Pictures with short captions
┄┄┄┄┄┄┄┄┄┄

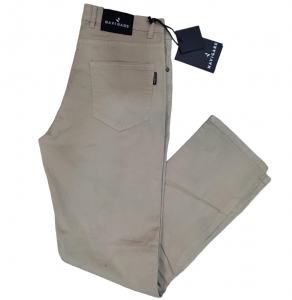 PANTALONE NAVIGARE 5TASCHE TWILL NVD8101 148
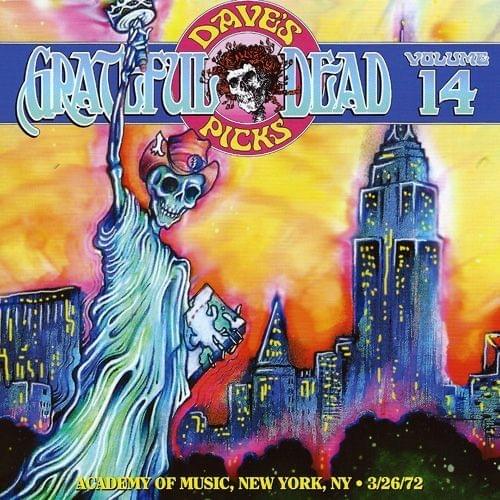 Dave’s Picks Vol. 14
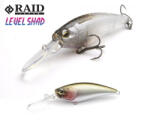 Raid Japan RAID LEVEL SHAD 50.3mm 4.3gr Su 027 Bait Japan (RAID18708) - koi-farm
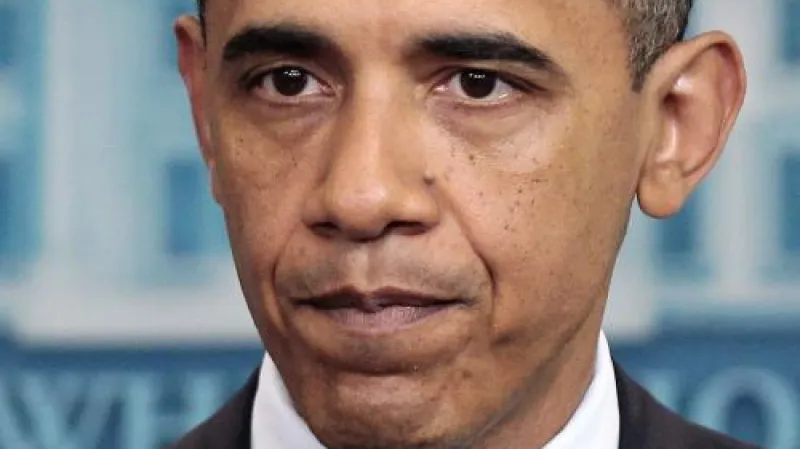 Americký prezident Barack Obama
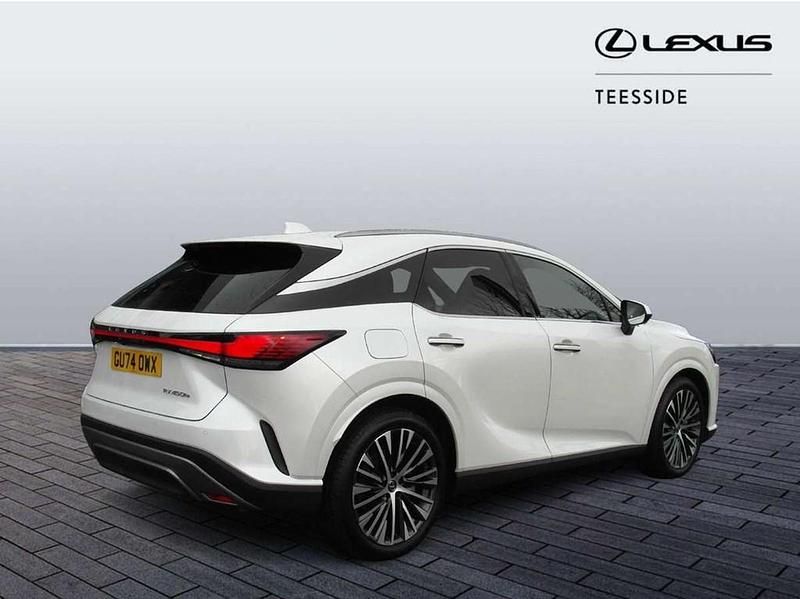 Used Lexus RX450h 2024 SUV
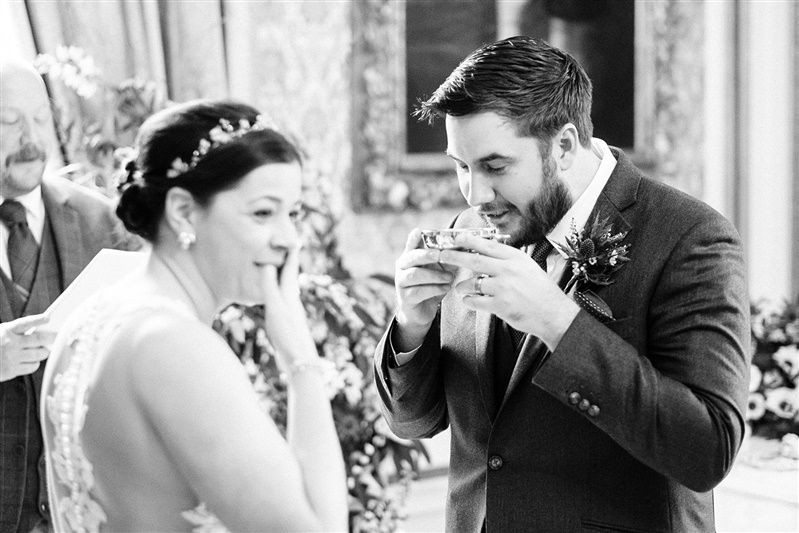 The Quaich: The Loving Cup - Tartan Weddings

┄┄┄┄┄┄┄┄┄┄

* _Instructions to follow_:
All lines from the one holding "Used Lexus RX450h 2024 SUV" through the last line of the records need to be copied exactly, both ends included, and the pictures left behind.

* _Exercise output_:
 Used Lexus RX450h 2024 SUV
 The Quaich: The Loving Cup - Tartan Weddings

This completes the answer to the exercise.